On this same trip to the bookstore, I also came across Philip Jenkins newest book, The Jesus Wars: How Four Patriarchs, Three Queens, and Two Emperors Decided What Christians Would Believe for the Next 1,500 Years, a rather interesting if not uneven telling of the history of the early church. It pretty much begins following the council of Nicea and continues for the next 500 years or so. The focus of the book is on the struggle to define who Jesus is (was). Was Jesus a man-bearing God, or a God-bearing man?
The book was fascinating, but at times got lost in minutia. Overall, I enjoyed the way that Jenkins' laid out the struggle of the early church to define orthodoxy. His writes with the style of education, which makes the book less accessible to an average audience.

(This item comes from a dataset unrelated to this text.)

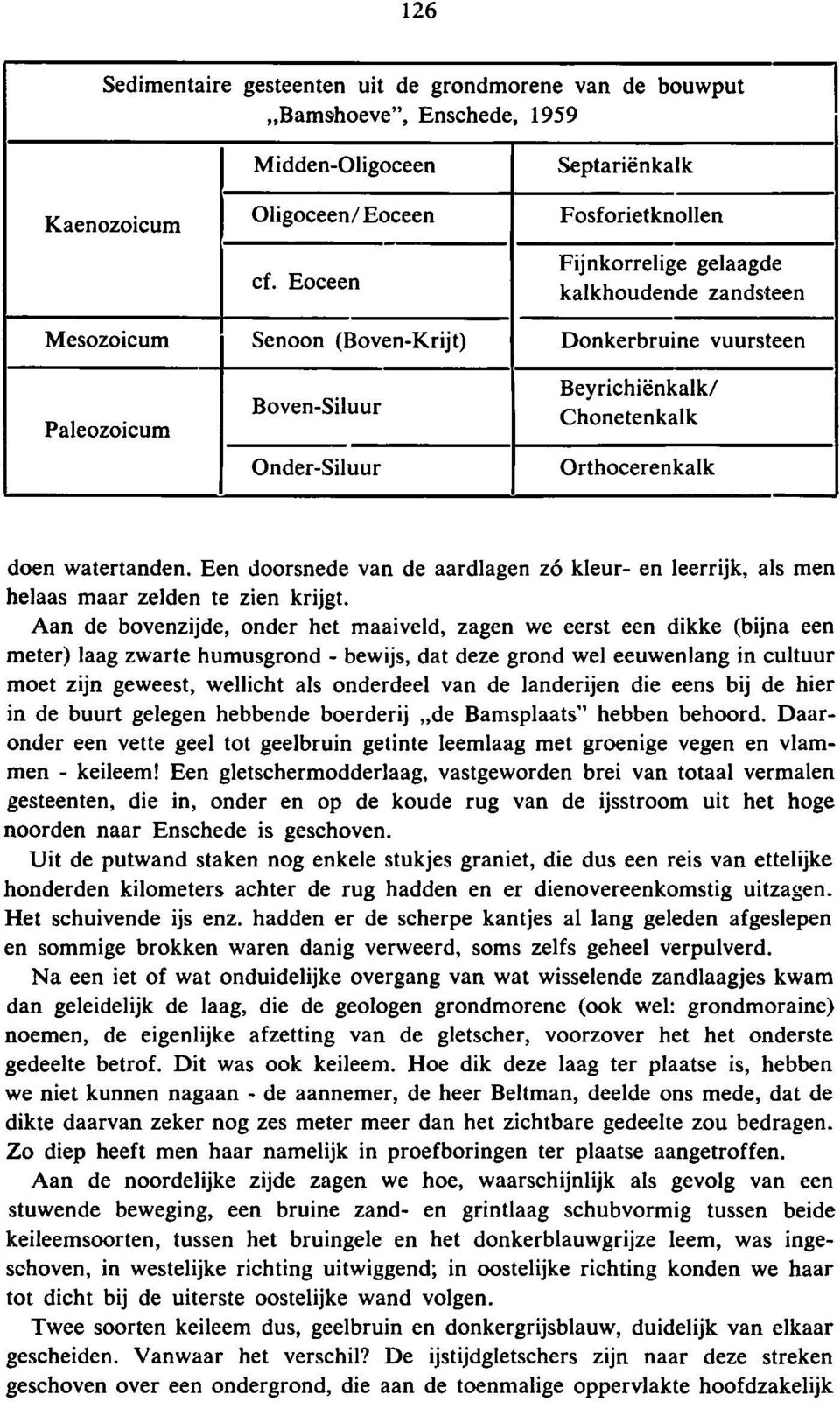 Chonetenkalk Orthocerenkalk doen watertanden. Een doorsnede van de aardlagen zo kleur- en leerrijk, als men helaas maar zelden te zien krijgt.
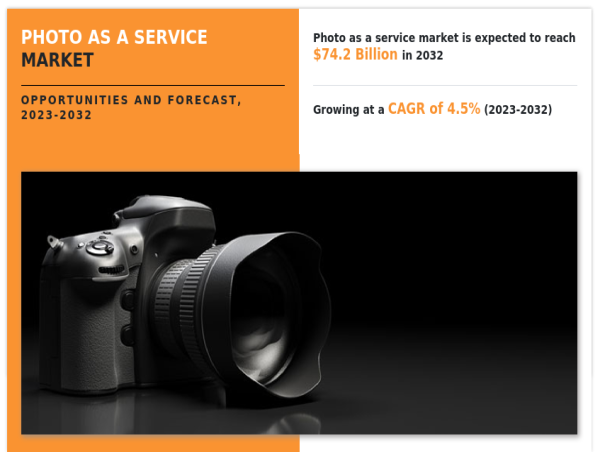 Photo as a Service Market Projected to Acquire US$ 74.2 Billion by 2032, Growing Almost 4.5% CAGR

Having read Richard Rubenstein's work: When God Was Born, a number of years ago, I found his treatise of the years leading up Nicea as more engaging. Jenkins' argues that Nicea (identifying Jesus with God) was the easy part --- the challenge was preventing Jesus from becoming entirely God. That is the subject of the book --- what kind of man was Jesus and what kind of God was he.
We live in such as different time from the one that Jenkins' writes about. We live with a multiplicity of understanding of who Jesus is (was) and have no fear that the inquisitor will be coming to knock at the door in the middle of the night. Jenkins' concludes the book by suggesting: "A religion that is not constantly spawning alternatives and heresies has ceased to thing and has achieved only the peace of the grave."
I can rest easily knowing that I am doing my part to helping people see some of the alternatives than those proclaimed at Chalcedon and the following councils!